» **Action item**
Using the data that follows, give again word for word the lines between the one holding "Hi everyone, Mark" and the one holding "Hi, this is", inclusive. Omit the pictures.

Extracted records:
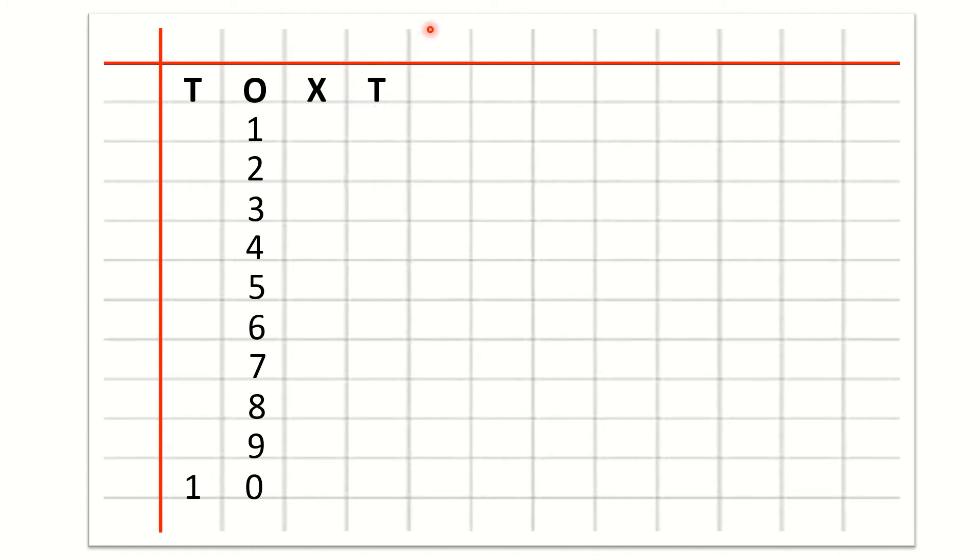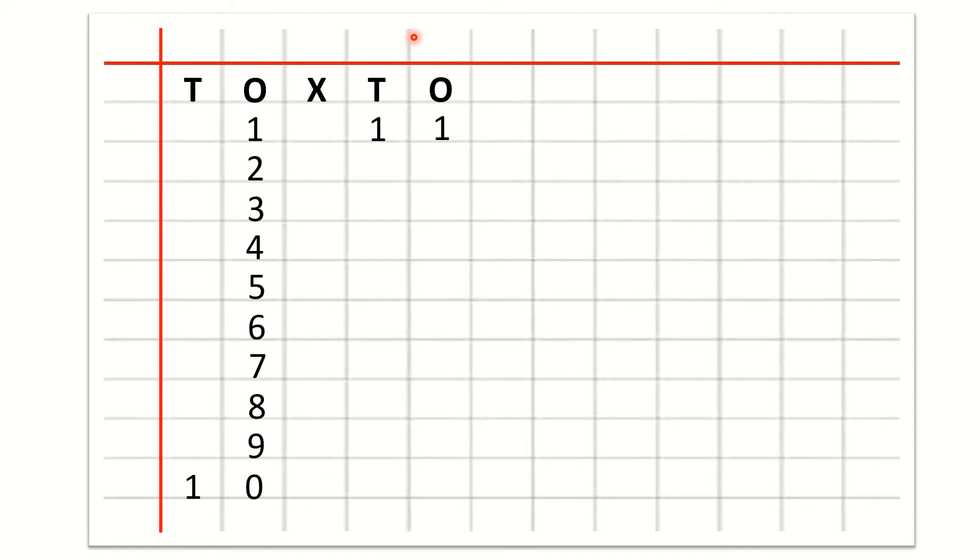Tens, then O, ones. Now 11 has 2 digits. So we will write 11, 1 under T and another 1 under O. So this is number 11.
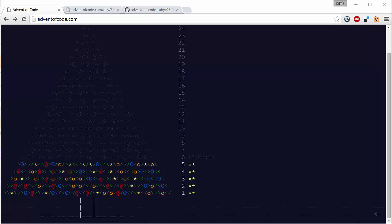Hi everyone, Mark here and welcome to the fifth video in our Advent of Code series. Let's have a look at what the puzzle for day 5 is.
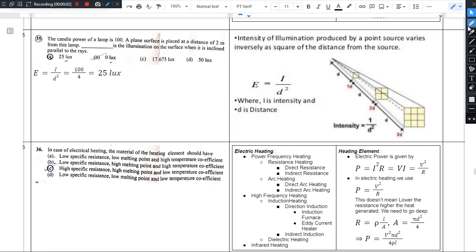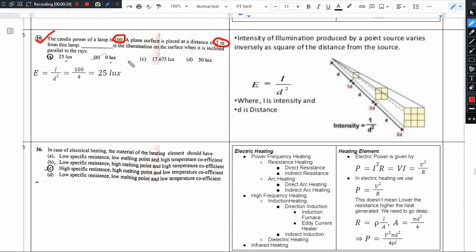Hello there. This is the 35th question. The candle power of a lamp is 100. A plane surface is placed at a distance of 2 meters from the lamp. Find the illumination on the surface when it is inclined parallel to the rays.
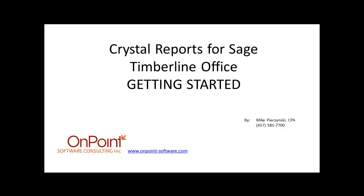Hi, this is Mike with OnPoint Software. Welcome to our Getting Started tutorial to develop a Crystal Report on your Sage Timberline Office data.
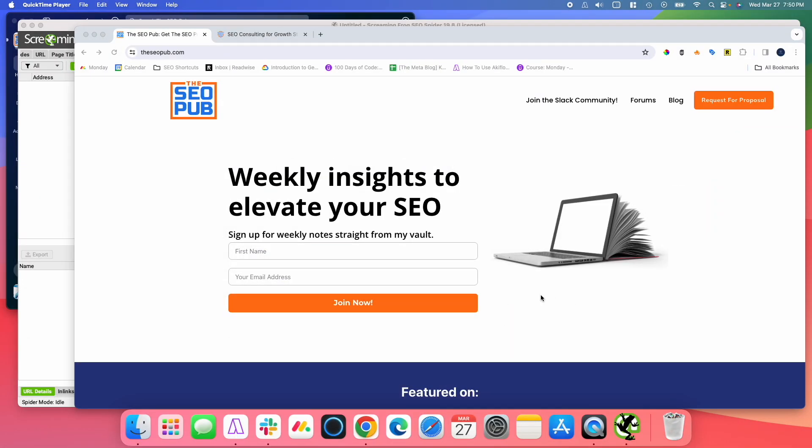Hey everyone, it's Mike here from the SEO Pub, and in this video, I'm going to show you how you can use Screaming Frog to find specific cases of anchor text that you're looking for to create internal links.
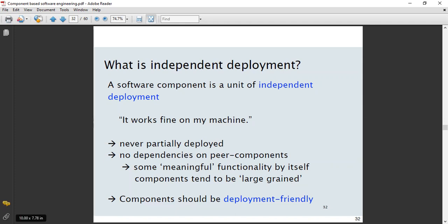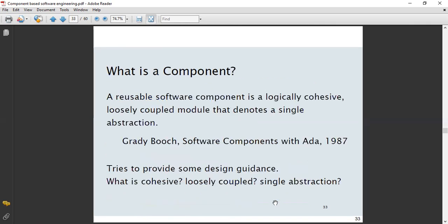Other components must be deployment-friendly and user-friendly. This completes the definition of a software component in component-based software engineering.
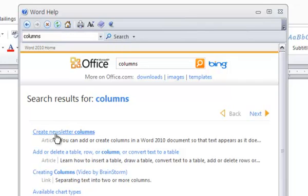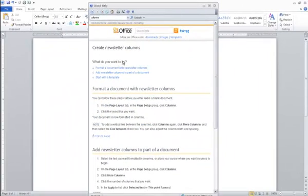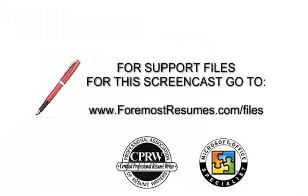One of them is 'Create Newsletter Columns,' and that's what I want information about, so I click on that. I have a nice article provided by Microsoft showing me how to make newsletter columns. And that's how to use the Help feature of Microsoft Word.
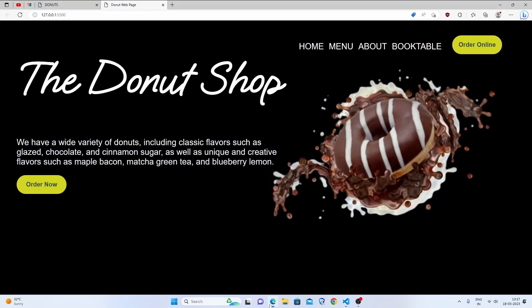Now everything will show a pointer cursor. We have completely finished our web page — congratulations! Share your achievements on Twitter, and if you liked this video, share it with your friends. Thanks for watching.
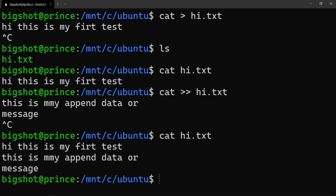Next we will copy and paste. We will create a directory. The command to create a directory is 'mkdir' followed by the directory name. We will test this — first we will copy and paste, then create the directory.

» **Exercise answer**
Hi everyone, Mark here and welcome to the fifth video in our Advent of Code series. Let's have a look at what the puzzle for day 5 is.
Hello there. This is the 35th question. The candle power of a lamp is 100. A plane surface is placed at a distance of 2 meters from the lamp. Find the illumination on the surface when it is inclined parallel to the rays.
Hi, this is Mike with OnPoint Software. Welcome to our Getting Started tutorial to develop a Crystal Report on your Sage Timberline Office data.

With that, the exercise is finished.